I have a collection of about 15 years pre-'00 local weekly paper. It recently died, n was reborn a whole different fish entirely! Flagstaff, size, column content, reporters- all different n less personal...

UltimateWriter said...

It's nice to see the legacy of the good old newspaper being preserved. Even in this internet age, the newspaper still remains the thread that consistently holds the string of local and foreign info together for communities.

Yaeli said...

I would love to hear more about the mystery of the 1956 records! Sounds like an interesting place!

Michele sent me.

Mr. Althouse said...

Blogger is obviously going through one of it's periodic and, unfortunately, increasingly more frequent bouts of technical difficulties. It appears to be a beta/no beta issue. One thing for sure... it sucks.
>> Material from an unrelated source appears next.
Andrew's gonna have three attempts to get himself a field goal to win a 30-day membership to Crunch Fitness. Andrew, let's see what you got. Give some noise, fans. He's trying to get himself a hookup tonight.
I will soon be looking for an alternative that doesn't suck as much.

Jean-Luc Picard said...

A fascinating post of this paper.

Michele sent me here.

Badoozie said...

i just noticed we have the same question on our profiles about the world being flat...good answer!
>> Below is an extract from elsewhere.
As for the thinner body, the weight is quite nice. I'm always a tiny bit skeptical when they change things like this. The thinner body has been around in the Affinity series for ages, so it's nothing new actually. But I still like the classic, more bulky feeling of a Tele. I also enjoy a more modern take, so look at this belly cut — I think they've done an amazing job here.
so now i know, who the other mac user is coming up on my sitemeter..yup they are few and far between. i was in a computer store the other day, and boy oh boy those mac PCs are COOL LOOKING. i wonder if the PC runs any better than my laptop. maybe i'll have you buy my next one, to avoid the bad luck i always have.

Two Sirius said...

I love the respect with which you talk about the newspaper.

Michele sent me!

Shane said...

i can spend days reading old newspapers -- fascinating stuff

craziequeen said...

Fascinating, Mike :-)

Nice to visit with you, we cross paths on many other blogs :-)

Seems Blogger has solved their Old Blogger/Beta commenting issues.

cq

Terri said...

My first time visiting here...via Michele.
Great post! Really enjoyed it a lot. I also live in a small town with a small town newspaper. I write a column for them about the older locals in our community called "Through Their Eyes"....what it was like to grow up and live on this island for SO many years with the changes. So I understand you wanting to preserve your words for the past.

PI said...

Hi! Here via Michele. I think 1930 was a vintage year - but then I would say that wouldn't I?

Claire said...

Wow, this is really interesting. I think local papers are so much more important than the large national ones. They really get to the heart of the community and keep everyone together. I live in one of the only suburbs of my city that has a local paper.

Claire said...

I totally forgot to say I'm here by way of Michele's!

Pearl said...

It's great that a lot of it is complete and you can count yourself among the names of the long tradition. Hopefully it will all go on microfilm soon or get google to safeguard it its storehouse.